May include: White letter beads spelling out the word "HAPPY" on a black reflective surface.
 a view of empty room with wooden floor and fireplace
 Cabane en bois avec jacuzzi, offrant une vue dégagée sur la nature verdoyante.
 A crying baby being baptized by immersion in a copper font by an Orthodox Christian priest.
● ● ●
## EXERCISE PROMPT
Only an exact copy is wanted here: the line containing "Cabane en bois" and every later line, up to and including the last line of the listing.

## RESULT BELOW
 Cabane en bois avec jacuzzi, offrant une vue dégagée sur la nature verdoyante.
 A crying baby being baptized by immersion in a copper font by an Orthodox Christian priest.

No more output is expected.